## What is being asked
Reproduce verbatim all of the data given below, but do not carry over the images.

(Scraped caption text data)
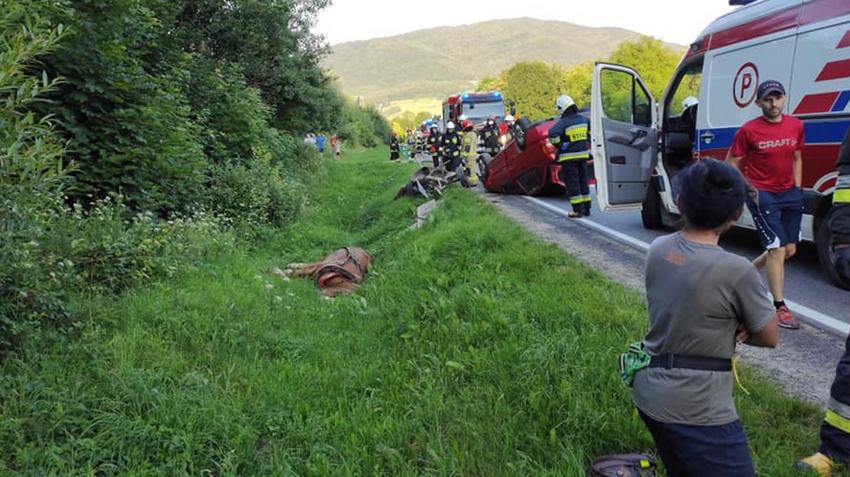 Dobra pod Limanową. Samochód zderzył się z zaprzęgiem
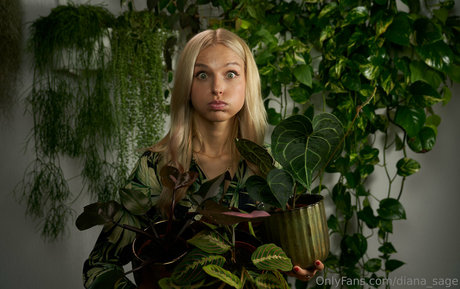 more than palnts sexy actress pic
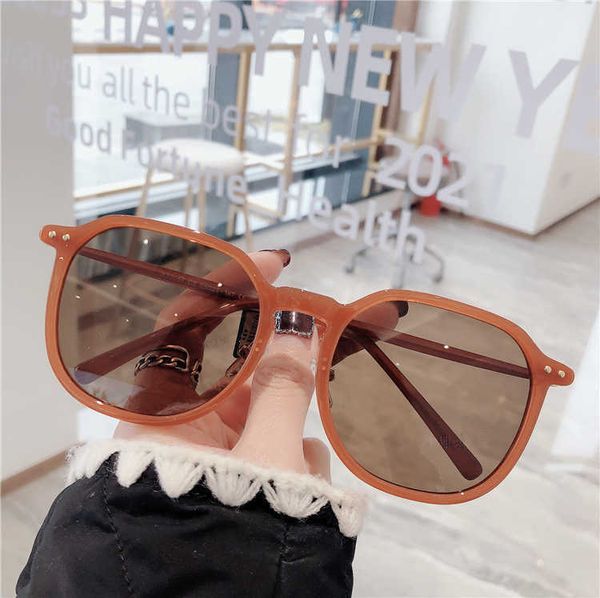 frames tr90 frame plate foot polarized women fashion personality street p sunglasses men polygon sunglasses s32057, White;black
frames tr90 frame plate foot polarized women fashion personality street p sunglasses men polygon sunglasses s32057, White;black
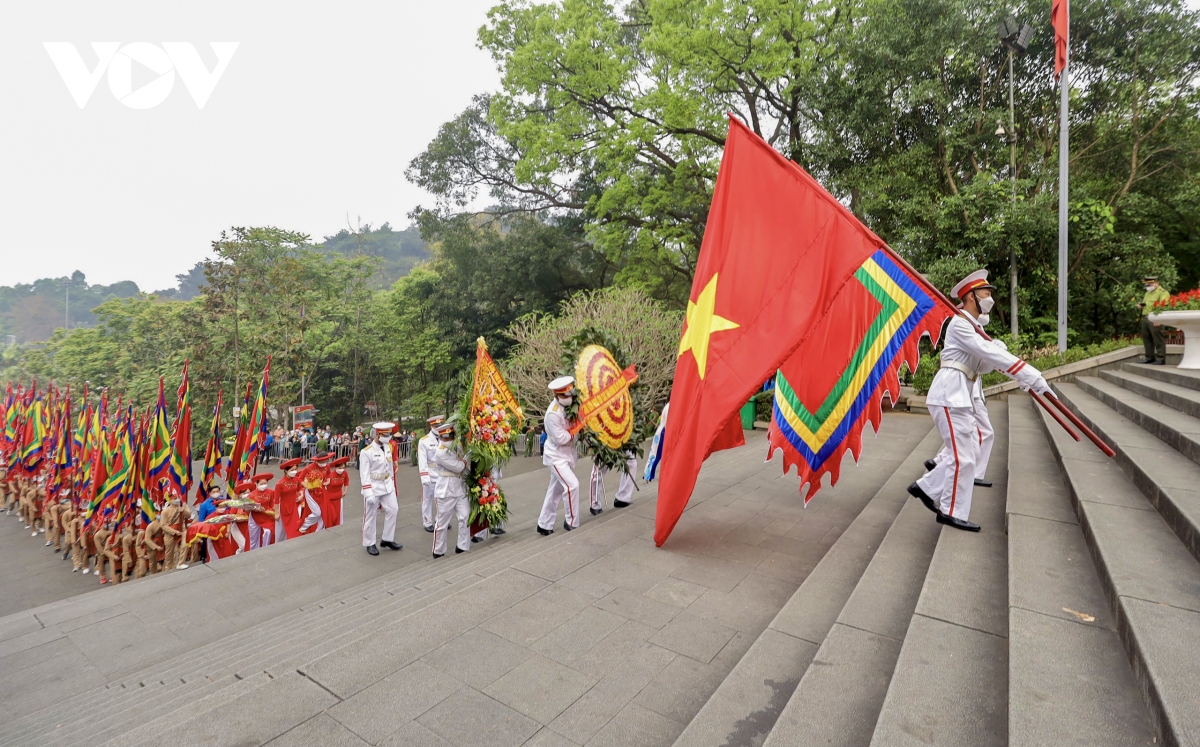 Chủ tịch nước Nguyễn Xuân Phúc dâng hương tưởng niệm các Vua Hùng - Ảnh 1.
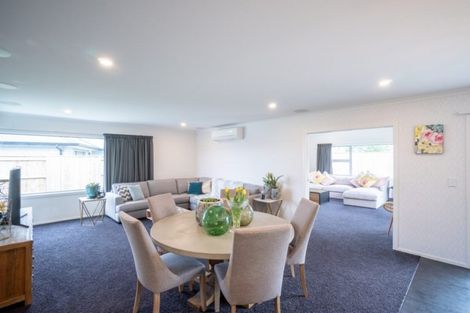 Photo of property in 6 Waimarama Court, Roslyn, Palmerston North, 4414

## Answer
 Dobra pod Limanową. Samochód zderzył się z zaprzęgiem
 more than palnts sexy actress pic
 frames tr90 frame plate foot polarized women fashion personality street p sunglasses men polygon sunglasses s32057, White;black
frames tr90 frame plate foot polarized women fashion personality street p sunglasses men polygon sunglasses s32057, White;black
 Chủ tịch nước Nguyễn Xuân Phúc dâng hương tưởng niệm các Vua Hùng - Ảnh 1.
 Photo of property in 6 Waimarama Court, Roslyn, Palmerston North, 4414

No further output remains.